*** Opening PROVIDED RECORDS ***

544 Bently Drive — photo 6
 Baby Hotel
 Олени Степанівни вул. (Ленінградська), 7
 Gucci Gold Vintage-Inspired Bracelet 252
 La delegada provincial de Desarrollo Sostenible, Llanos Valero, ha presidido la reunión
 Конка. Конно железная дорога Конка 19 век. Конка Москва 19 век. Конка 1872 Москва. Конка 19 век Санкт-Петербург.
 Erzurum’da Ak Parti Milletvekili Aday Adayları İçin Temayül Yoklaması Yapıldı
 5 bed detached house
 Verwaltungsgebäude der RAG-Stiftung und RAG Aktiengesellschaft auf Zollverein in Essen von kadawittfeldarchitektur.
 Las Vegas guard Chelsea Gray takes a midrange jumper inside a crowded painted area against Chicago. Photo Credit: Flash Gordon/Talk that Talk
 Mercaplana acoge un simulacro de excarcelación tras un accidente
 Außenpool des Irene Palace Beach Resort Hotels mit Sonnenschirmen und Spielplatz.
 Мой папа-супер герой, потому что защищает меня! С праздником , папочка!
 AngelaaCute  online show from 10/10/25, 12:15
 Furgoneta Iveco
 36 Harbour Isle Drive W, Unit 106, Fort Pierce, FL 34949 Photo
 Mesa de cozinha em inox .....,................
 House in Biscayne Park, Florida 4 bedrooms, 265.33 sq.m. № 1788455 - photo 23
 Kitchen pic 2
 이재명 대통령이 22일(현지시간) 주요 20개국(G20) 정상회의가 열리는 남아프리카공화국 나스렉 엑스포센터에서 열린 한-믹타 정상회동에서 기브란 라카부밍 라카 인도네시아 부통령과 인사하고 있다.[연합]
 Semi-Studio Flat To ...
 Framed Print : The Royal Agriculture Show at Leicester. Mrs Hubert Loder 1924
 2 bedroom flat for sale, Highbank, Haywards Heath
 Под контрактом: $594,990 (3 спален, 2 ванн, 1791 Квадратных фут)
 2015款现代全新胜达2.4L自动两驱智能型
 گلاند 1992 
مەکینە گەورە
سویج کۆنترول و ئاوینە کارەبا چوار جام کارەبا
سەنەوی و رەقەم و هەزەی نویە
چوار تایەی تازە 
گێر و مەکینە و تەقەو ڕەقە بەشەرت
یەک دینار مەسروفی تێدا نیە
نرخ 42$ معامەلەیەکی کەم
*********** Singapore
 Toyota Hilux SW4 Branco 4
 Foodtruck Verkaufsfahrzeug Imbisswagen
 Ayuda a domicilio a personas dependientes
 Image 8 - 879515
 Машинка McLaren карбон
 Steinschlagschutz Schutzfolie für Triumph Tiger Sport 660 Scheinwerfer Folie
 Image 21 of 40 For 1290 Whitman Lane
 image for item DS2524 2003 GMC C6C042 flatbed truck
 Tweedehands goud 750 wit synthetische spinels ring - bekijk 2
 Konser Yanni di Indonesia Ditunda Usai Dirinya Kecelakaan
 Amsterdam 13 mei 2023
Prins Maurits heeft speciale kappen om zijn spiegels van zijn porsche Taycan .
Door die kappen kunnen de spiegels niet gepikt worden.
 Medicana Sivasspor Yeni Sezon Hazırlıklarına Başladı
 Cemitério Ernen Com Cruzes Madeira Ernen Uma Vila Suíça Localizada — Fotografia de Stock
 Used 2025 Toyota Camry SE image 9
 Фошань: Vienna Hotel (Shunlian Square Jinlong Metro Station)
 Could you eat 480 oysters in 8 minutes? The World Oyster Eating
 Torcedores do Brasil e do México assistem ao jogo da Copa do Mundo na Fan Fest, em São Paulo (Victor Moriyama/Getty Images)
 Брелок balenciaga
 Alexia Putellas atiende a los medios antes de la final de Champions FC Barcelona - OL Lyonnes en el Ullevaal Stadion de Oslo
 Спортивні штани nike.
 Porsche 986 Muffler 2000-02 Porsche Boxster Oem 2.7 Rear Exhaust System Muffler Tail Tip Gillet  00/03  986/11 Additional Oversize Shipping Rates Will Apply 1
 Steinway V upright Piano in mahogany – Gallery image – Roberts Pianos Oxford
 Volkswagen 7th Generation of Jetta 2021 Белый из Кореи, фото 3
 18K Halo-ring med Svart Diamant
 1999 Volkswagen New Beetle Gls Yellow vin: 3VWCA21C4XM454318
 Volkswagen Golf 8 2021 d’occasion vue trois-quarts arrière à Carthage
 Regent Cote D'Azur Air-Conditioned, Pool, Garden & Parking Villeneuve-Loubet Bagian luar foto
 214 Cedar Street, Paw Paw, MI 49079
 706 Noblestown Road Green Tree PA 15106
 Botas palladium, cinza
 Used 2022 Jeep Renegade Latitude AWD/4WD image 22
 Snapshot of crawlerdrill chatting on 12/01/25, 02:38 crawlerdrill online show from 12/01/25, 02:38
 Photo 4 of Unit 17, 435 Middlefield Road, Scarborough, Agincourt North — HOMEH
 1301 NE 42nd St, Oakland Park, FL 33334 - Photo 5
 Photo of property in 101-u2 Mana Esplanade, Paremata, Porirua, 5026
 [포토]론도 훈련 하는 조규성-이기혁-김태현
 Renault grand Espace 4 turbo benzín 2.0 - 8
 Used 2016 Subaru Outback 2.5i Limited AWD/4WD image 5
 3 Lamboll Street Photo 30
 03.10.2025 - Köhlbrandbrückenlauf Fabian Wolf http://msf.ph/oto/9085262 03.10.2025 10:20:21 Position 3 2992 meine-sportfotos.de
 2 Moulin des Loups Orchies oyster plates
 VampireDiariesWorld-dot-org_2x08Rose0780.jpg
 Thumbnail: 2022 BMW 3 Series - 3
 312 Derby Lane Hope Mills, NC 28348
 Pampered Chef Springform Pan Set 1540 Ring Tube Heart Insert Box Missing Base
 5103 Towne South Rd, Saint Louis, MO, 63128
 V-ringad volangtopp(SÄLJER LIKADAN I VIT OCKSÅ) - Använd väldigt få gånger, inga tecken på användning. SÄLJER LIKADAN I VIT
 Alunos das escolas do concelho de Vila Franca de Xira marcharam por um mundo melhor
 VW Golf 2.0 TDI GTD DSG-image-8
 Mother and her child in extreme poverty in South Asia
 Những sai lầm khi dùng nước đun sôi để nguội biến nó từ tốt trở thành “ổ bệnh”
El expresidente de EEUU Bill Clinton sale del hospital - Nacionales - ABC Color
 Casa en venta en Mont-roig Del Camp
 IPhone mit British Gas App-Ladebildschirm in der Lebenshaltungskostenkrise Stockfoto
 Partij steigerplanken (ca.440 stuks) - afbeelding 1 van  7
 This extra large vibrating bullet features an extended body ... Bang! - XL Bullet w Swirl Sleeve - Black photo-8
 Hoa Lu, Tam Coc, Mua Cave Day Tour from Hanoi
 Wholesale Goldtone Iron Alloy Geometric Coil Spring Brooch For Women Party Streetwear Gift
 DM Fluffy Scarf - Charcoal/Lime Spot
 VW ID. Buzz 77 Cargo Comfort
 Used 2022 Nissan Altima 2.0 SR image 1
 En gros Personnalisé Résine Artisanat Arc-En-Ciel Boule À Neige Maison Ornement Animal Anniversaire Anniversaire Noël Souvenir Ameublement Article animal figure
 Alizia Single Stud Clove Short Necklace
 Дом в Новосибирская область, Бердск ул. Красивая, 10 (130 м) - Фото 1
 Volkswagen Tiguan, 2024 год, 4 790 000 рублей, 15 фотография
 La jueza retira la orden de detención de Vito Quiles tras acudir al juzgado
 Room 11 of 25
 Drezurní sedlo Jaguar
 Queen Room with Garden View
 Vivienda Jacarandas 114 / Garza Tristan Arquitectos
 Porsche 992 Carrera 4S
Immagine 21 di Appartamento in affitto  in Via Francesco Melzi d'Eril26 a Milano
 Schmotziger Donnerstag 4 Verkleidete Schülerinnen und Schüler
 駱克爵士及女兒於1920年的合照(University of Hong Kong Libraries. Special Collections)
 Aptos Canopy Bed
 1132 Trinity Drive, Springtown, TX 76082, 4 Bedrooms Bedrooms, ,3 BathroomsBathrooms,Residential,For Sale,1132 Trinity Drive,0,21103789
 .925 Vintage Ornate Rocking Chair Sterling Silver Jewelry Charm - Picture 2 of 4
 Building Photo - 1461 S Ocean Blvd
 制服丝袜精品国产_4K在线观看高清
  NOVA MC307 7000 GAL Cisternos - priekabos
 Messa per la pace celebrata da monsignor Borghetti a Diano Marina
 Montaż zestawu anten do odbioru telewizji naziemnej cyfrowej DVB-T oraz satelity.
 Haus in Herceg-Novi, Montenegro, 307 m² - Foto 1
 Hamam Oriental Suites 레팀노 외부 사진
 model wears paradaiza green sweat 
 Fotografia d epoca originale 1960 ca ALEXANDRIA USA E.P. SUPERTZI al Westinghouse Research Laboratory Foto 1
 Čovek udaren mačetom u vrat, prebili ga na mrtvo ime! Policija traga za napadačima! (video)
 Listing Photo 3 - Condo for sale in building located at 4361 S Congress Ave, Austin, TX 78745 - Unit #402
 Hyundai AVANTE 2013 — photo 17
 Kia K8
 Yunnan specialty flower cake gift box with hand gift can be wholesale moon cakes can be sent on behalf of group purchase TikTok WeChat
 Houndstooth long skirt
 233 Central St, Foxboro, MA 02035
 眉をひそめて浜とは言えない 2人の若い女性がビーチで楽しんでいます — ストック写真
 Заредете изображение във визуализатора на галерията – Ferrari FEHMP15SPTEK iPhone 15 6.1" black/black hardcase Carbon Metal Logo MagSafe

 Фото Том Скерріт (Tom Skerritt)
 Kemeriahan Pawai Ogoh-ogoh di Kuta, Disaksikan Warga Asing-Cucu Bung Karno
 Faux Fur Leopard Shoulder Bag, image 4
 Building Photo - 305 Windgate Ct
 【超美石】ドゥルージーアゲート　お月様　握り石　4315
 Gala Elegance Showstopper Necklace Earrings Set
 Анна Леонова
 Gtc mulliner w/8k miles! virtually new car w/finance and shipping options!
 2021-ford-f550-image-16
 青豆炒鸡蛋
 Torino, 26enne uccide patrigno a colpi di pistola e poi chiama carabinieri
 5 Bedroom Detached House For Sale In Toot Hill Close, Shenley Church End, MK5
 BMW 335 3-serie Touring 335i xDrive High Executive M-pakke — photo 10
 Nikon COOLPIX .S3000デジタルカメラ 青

*** Closing PROVIDED RECORDS ***

TASK REQUIREMENTS: Beginning at the first line of the records, retype exactly every line up to and including the one with "Verwaltungsgebäude der RAG-Stiftung".

TASK ANSWER:
544 Bently Drive — photo 6
 Baby Hotel
 Олени Степанівни вул. (Ленінградська), 7
 Gucci Gold Vintage-Inspired Bracelet 252
 La delegada provincial de Desarrollo Sostenible, Llanos Valero, ha presidido la reunión
 Конка. Конно железная дорога Конка 19 век. Конка Москва 19 век. Конка 1872 Москва. Конка 19 век Санкт-Петербург.
 Erzurum’da Ak Parti Milletvekili Aday Adayları İçin Temayül Yoklaması Yapıldı
 5 bed detached house
 Verwaltungsgebäude der RAG-Stiftung und RAG Aktiengesellschaft auf Zollverein in Essen von kadawittfeldarchitektur.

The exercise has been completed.